[
https://issues.apache.org/jira/browse/SOLR-11917?page=com.atlassian.jira.plugin.system.issuetabpanels:comment-tabpanel&focusedCommentId=16341693#comment-16341693
]
Hoss Man commented on SOLR-11917:
---------------------------------
h2. *S2.2*: Support configuring fieldTypes with many arbitrarily named analyzers
h3. *S2.2G*: Goal
The initial goal i considered was based solely on SOLR-5053:
* Advanced users may want to use arbitrary analyzers at query time – either by
"name" when parsing a query, or based on special logic in custom plugins.
But when considered in conjunction with some of the other Usecases discussed
here, I realized there was a lot of potenial for general purpose improvements
to the "plumbing" of IndexSchema to supporting multiple analyzers...
* Multilingual "fields" _might_ benefit from having "analyzer per lang"
configurable on a field type (see *S2.1.STRAW1* above)
* It would allow us to define arbitrary "docValues" analyzer for TextFields
(see *S1.3* below)
h3. *S2.2BAD*: Bad Ideas – aka: NOT-Suggested Approach(es)
For the sake of completeness, let's set aside for a moment the broader benefit
of a robust solution to supporting arbitrary analyzers for TextField, and
consider how we might tackle the "user wants to pick an analyzer by name at
query time" with the least amount of development work (ie: "rapid prototype")
...
*Bad Idea #1:*
* subclass of TextField
* at query time, getFieldQuery() looks for an "ftanalyzer" local param from
QParser,
** if exists: use that to find some other FieldType whose Analyzer we use in
place of our own
* NOTE: see *S2.1.HITCH* above about SolrQueryParserBase/QueryBuilder in
previous topic – also apply here except in simple cases
** Although in a super special case situation like this, maybe a limitation of
"only works with 'field' QParser" would be fine? ... but in that case, see Bad
Idea #2...
*Bad Idea #2:*
* assume this usecase/situation is so niche, that we don't need general query
parser support
* assume we can tell people the *must* use a specific QParser to do it
* No need for a special TextField subclass – instead create a new
'ForceAnalyzerQParser'
** use it just like the "field" QParser, but it also takes in a
"forceFieldType" localparam
** use the "forceFieldType" to pick a fieldType by name, and ask it for
getFieldQuery(...) using the original field name
* Example:
{noformat}
# query the 'title' field for "how now brown cow" using the analyzer from the
'nostopwords' <fieldType/>
q={!forceanalyzer f=title forceFieldType='nostopwords'}how+now+brown+cow
{noformat}
h3. *S2.2A*: Suggested Approach – aka: Good Idea
AFAICT, This is what it would take to support arbitrary analyzers on TextFields
"the right way"...
* FieldType method deprecation/replacement
** deprecate/replace these overly specific methods in FieldType...
{code:java}
public final void setQueryAnalyzer(Analyzer analyzer)
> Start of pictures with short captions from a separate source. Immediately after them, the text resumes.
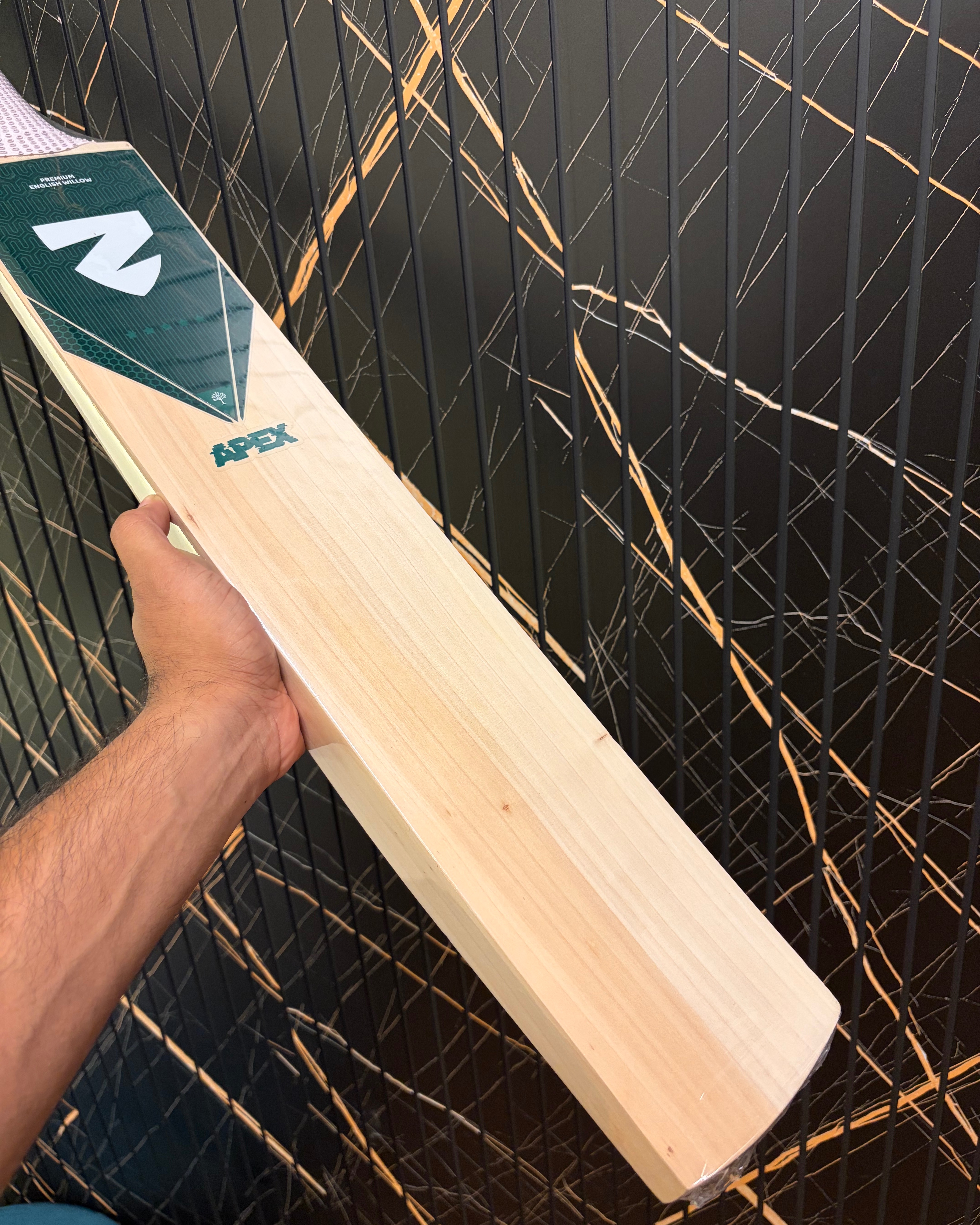 Apex - Grade 2 English Willow Cricket Bat 1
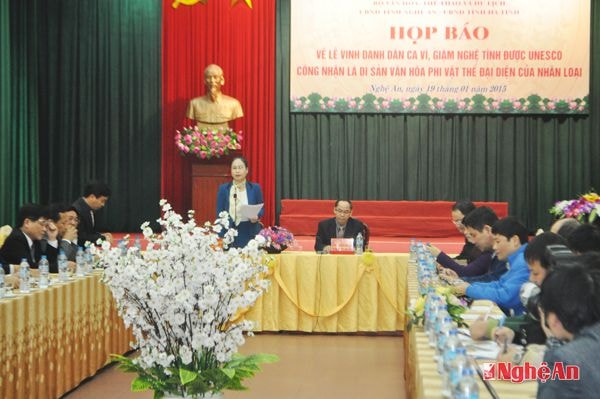 Toàn cảnh buổi họp báo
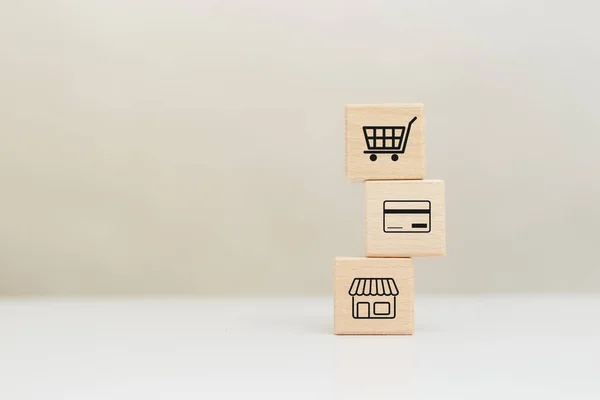 オンラインショッピングのコンセプト ショッピングアイコンのある木製のキューブブロック Eビジネス購入マーケティングの消費者 — ストック写真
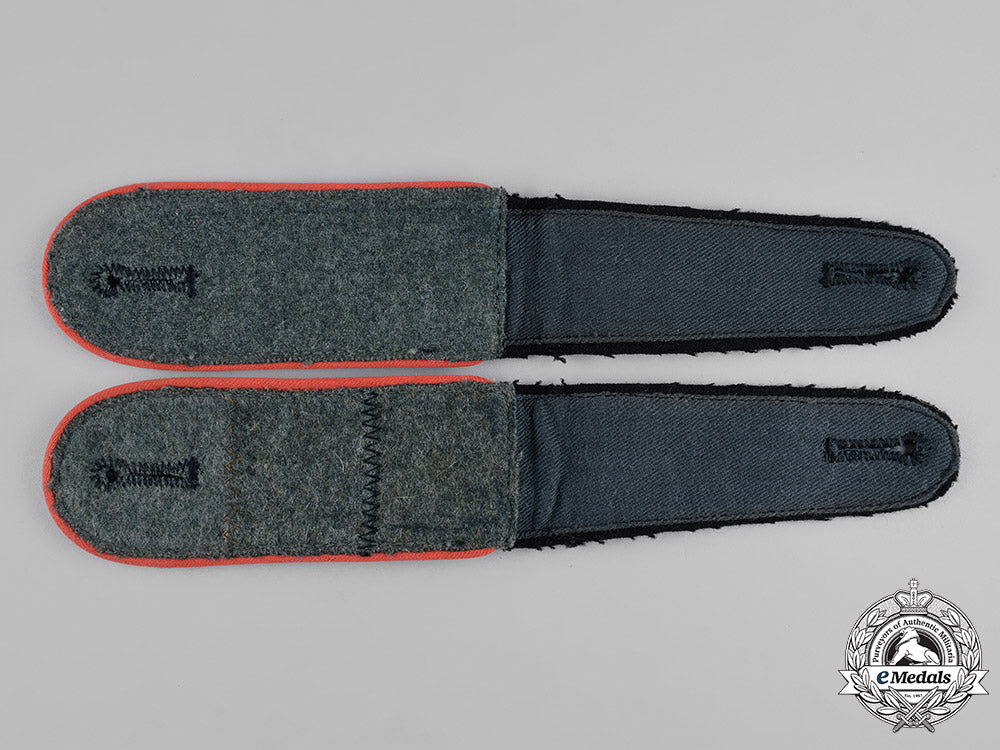 germany,_ss._a_set_of_waffen-_ss_mann_panzer_shoulder_straps_c19-3469_1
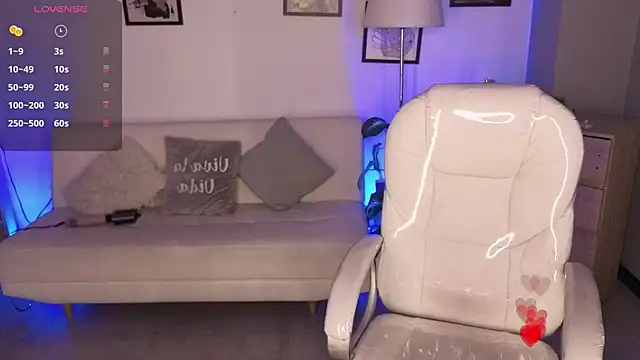 Nicole Foxx  online show from 03/30/26, 08:21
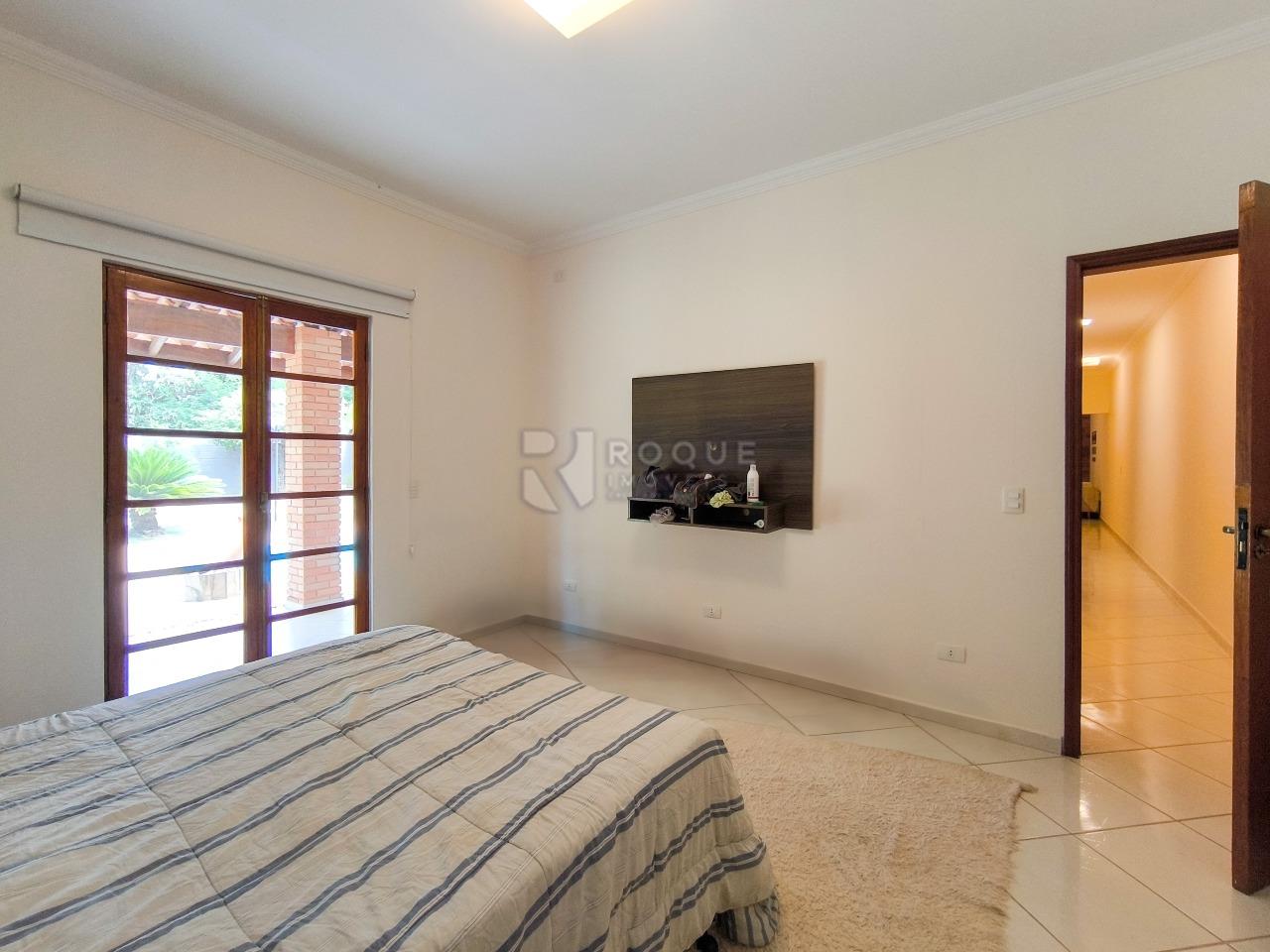 Chácara à venda no bairro Pires de Cima: SUÍTE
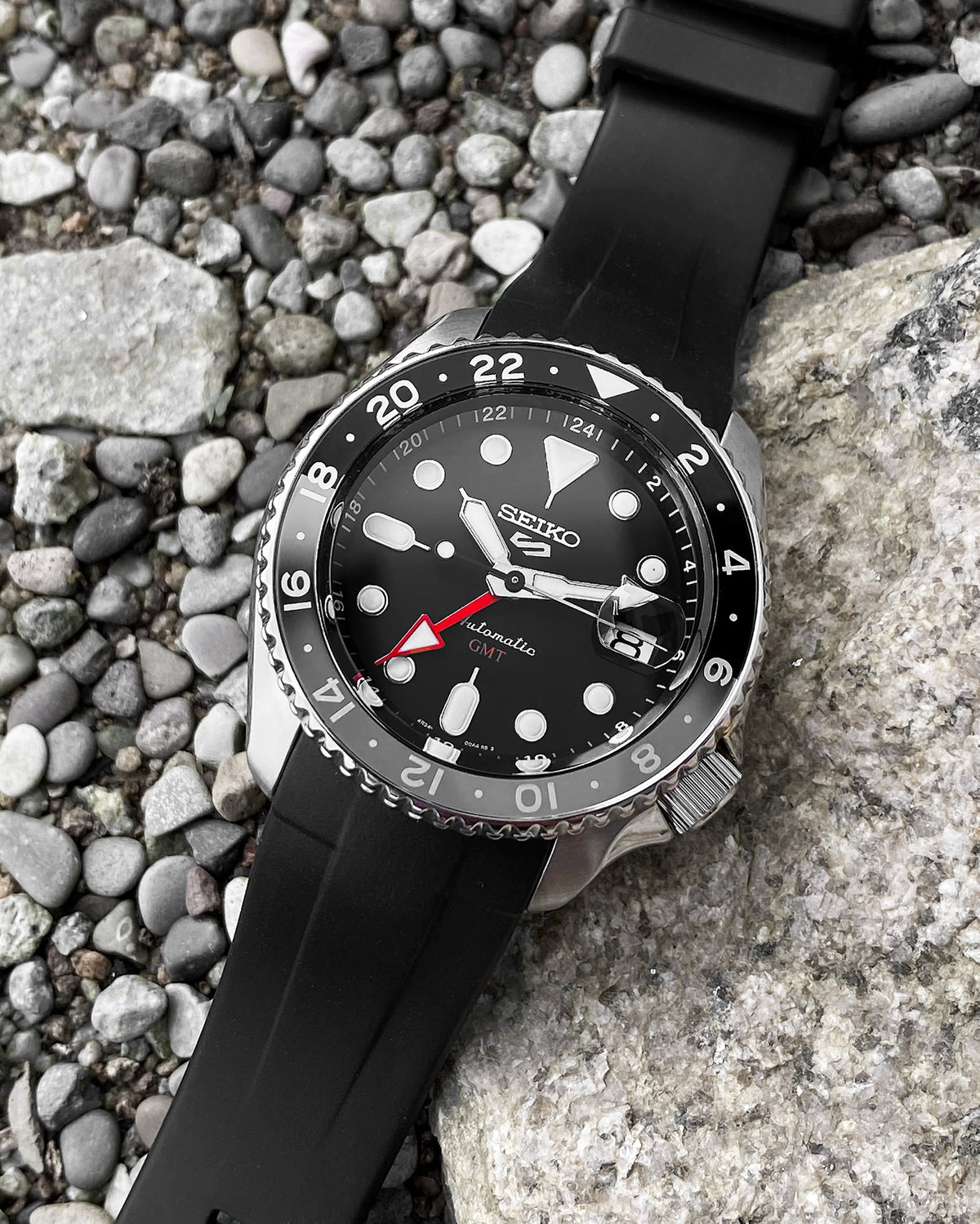 FKM RUBBER (CLASSIC) - FOR SEIKO SKX/SRPD / SSK (BLACK, STEEL HARDWARE)
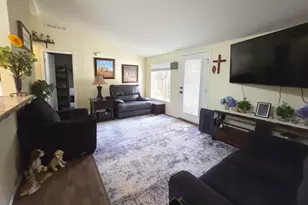 63738 Cascade Village Dr, Bend, OR 97701 - Photo 4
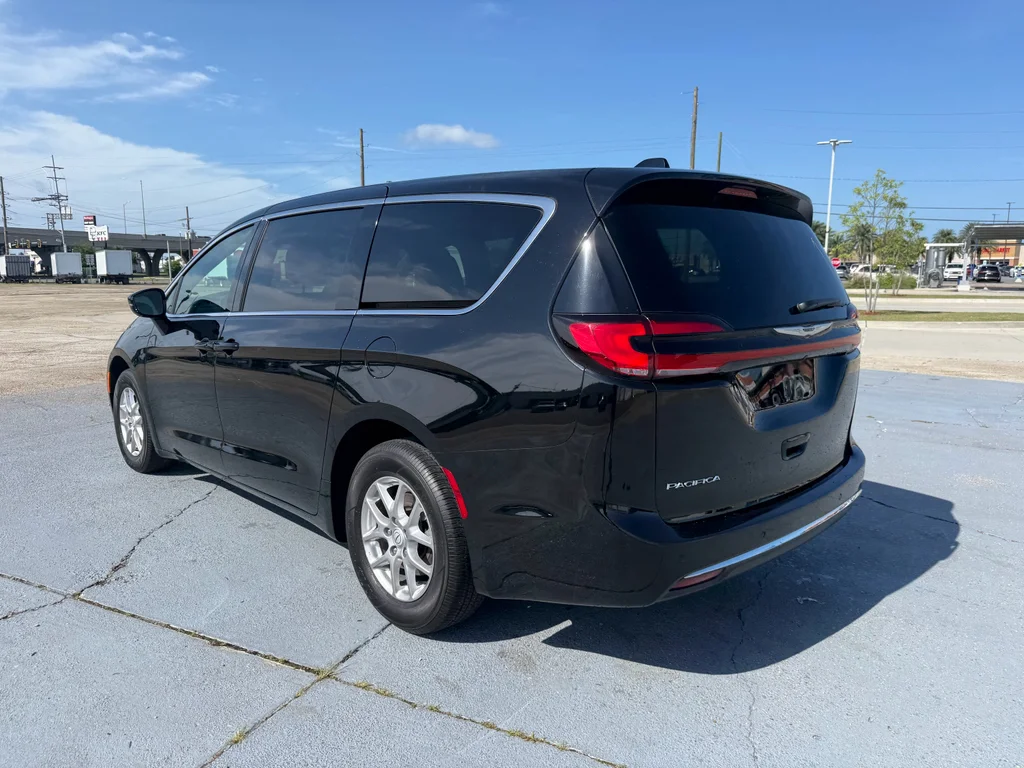 Used 2025 Diamond Black Crystal Pearlcoat Chrysler Select image 3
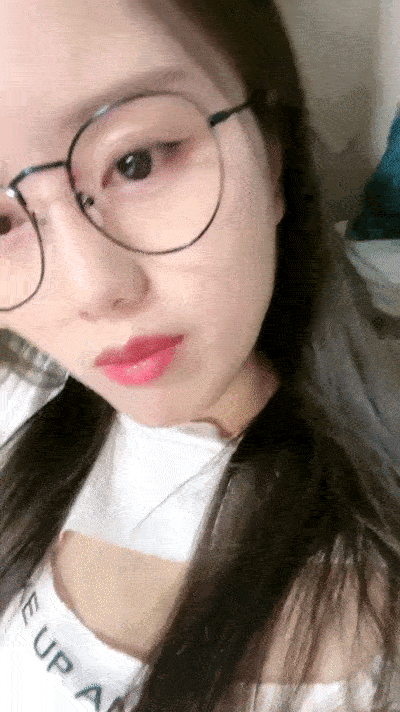 极品眼镜妹小鱼干！外表甜美骚的很！趴在桌子上舔逼，开档肉丝沙发上操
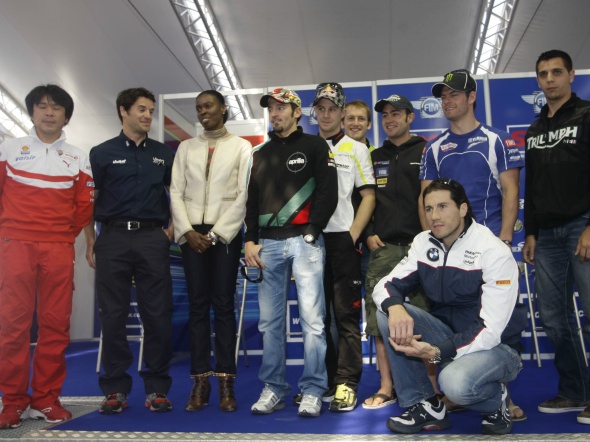 Superbike: primo giorno a Valencia tra paddock show e paella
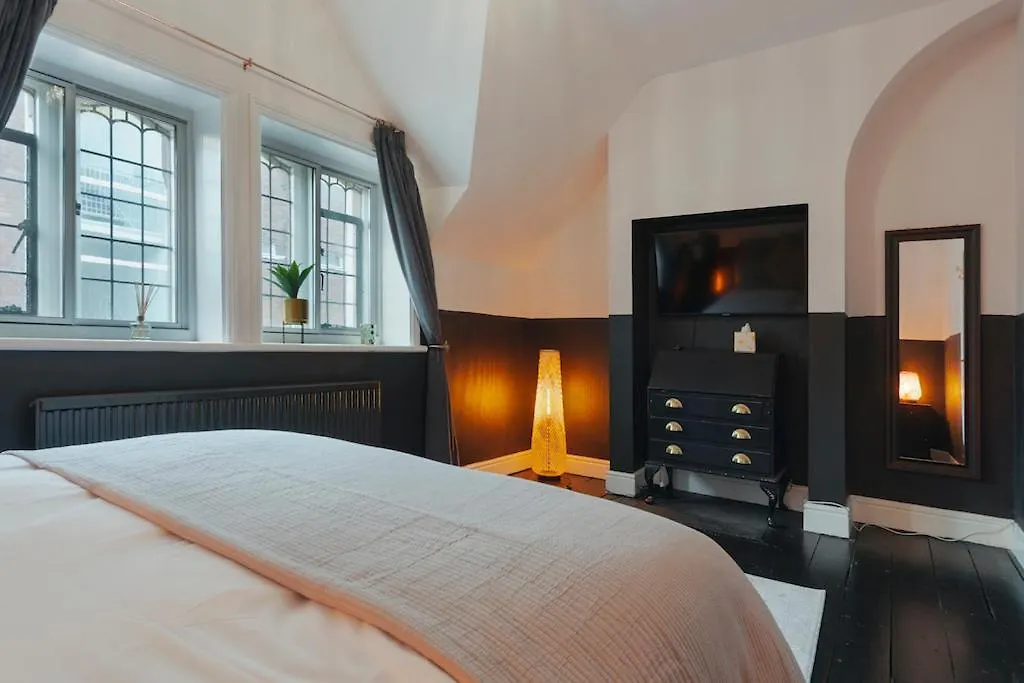 In The Heart Of Chester, Historical & Stylish 0*, Chester United Kingdom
public void setIsExplicitQueryAnalyzer(boolean isExplicitQueryAnalyzer)
public boolean isExplicitQueryAnalyzer()
//
public final void setIndexAnalyzer(Analyzer analyzer)
public void setIsExplicitAnalyzer(boolean explicitAnalyzer)
public boolean isExplicitAnalyzer()
{code}
** With code like these...
{code:java}
/** For setting the (explicitly) configured analyzers, key is type,
can throw an exception if a type is not allowed/supported,
but must ultimately call super for getExplicitAnalyzers() to work
Default impl calls changeExplicitAnalyzers() for validation
*/
public final void setExplicitAnalyzers(Map<String,Analyzer>) throws
SolrException
/** exactly what was configured/passed to setExplicitAnalyzers */
public final Map<String,Analyzer> getExplicitAnalyzers()
/** can create & track any implicit /synthetic analyzers needed based on what's
explicitly configured.
can throw an exception if an explicitly configured type is not
allowed/supported.
See below for discussion of default impl
*/
public void changeExplicitAnalyzers(Map<String,Analyzer>) throws SolrException
/* returns either an explicit analyzer configured with that type,
or may return an alternate (or synthetic created) analyzer deemed suitable
for that purpose,
or null if nothing suitable.
default impl only supports "index" and "query"
*/
public Analyzer getAnalyzer(String type) throws SolrException
{code}
* {{FieldTypePluginLoader.create}} refactoring...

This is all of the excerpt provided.